▸ Exercise brief
Please transcribe only the lines between the one containing "Woodworking Multifunction Sliding" and the end of the records, both ends included, exactly as written; skip every picture.

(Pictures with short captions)

◇ ◇ ◇ ◇ ◇

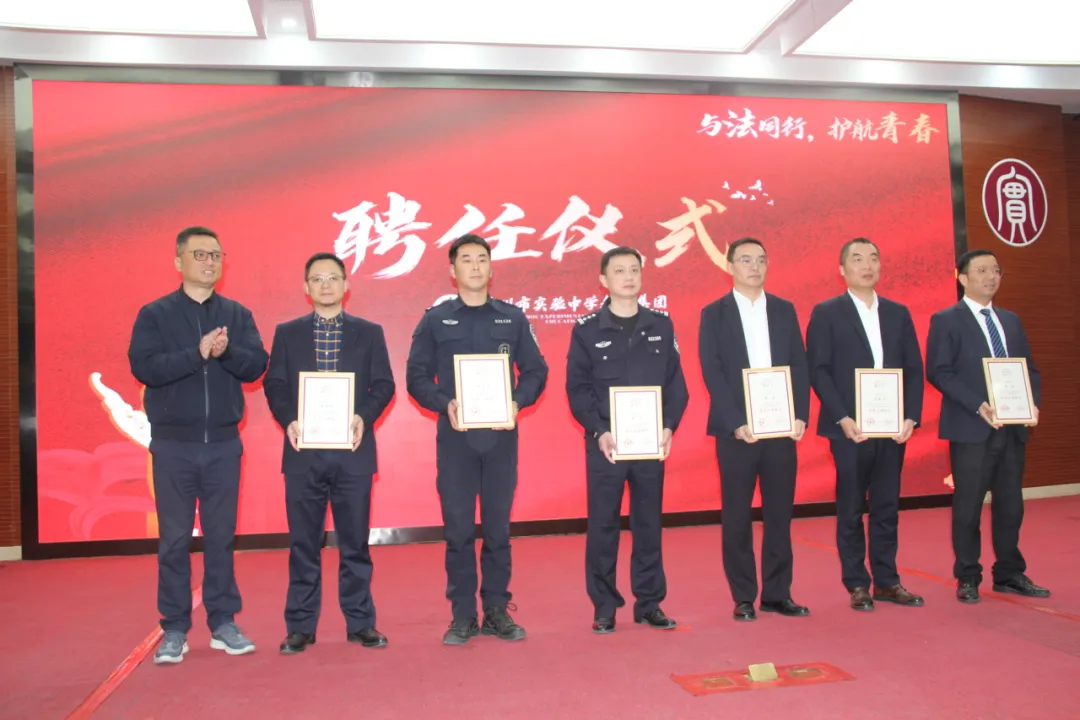 1764899409186500.png 9d7e80dc-dd7f-45ba-bb79-ba1320e6650a.png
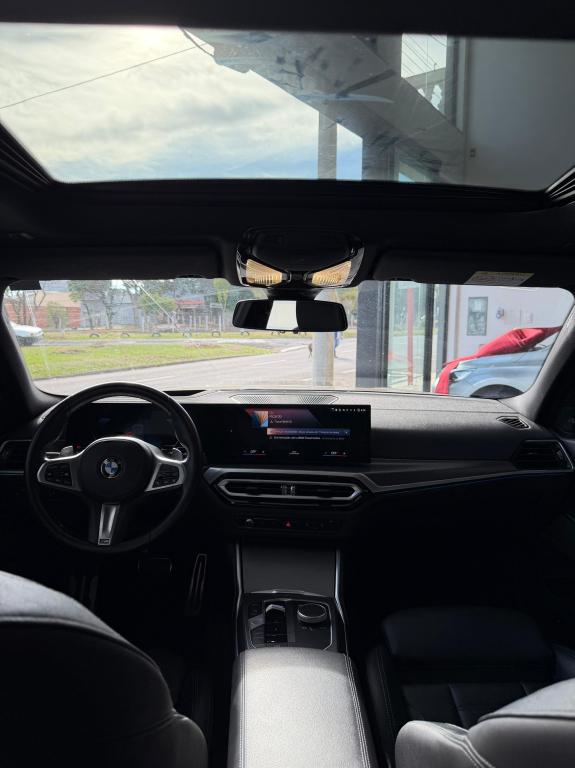 BMW 320I - Foto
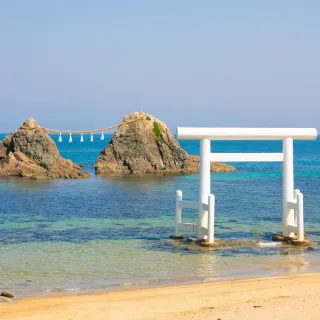 【喜鴻假期】【高雄出發．九州溫泉購物趣５日】熊本城、湯布院、日田老街、夫婦岩、福岡AEON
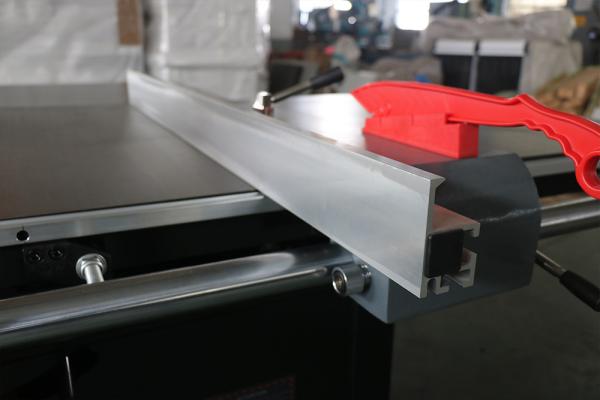 Woodworking Multifunction Sliding Table Saw with Cutting Extension Table 640*680*70mm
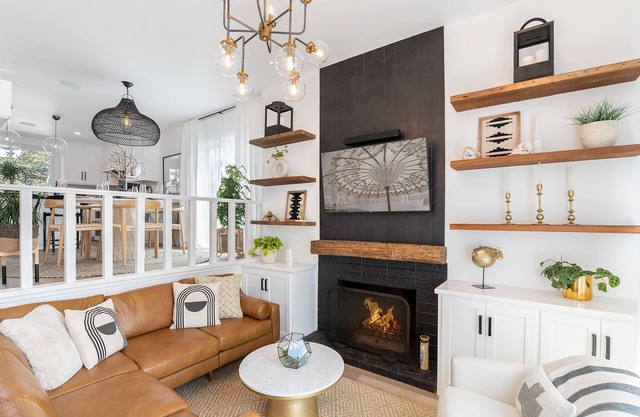 3854 La Playa - Oceanfront Condo Near Wharf, Pool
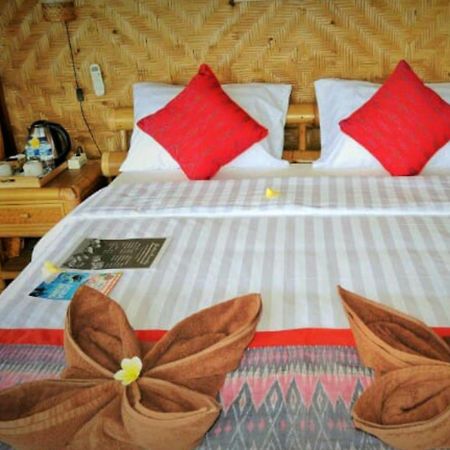 Batununggul Gentari Homestay And Tour חדר תמונה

◇ ◇ ◇ ◇ ◇

▸ Answer box
 Woodworking Multifunction Sliding Table Saw with Cutting Extension Table 640*680*70mm
 3854 La Playa - Oceanfront Condo Near Wharf, Pool
 Batununggul Gentari Homestay And Tour חדר תמונה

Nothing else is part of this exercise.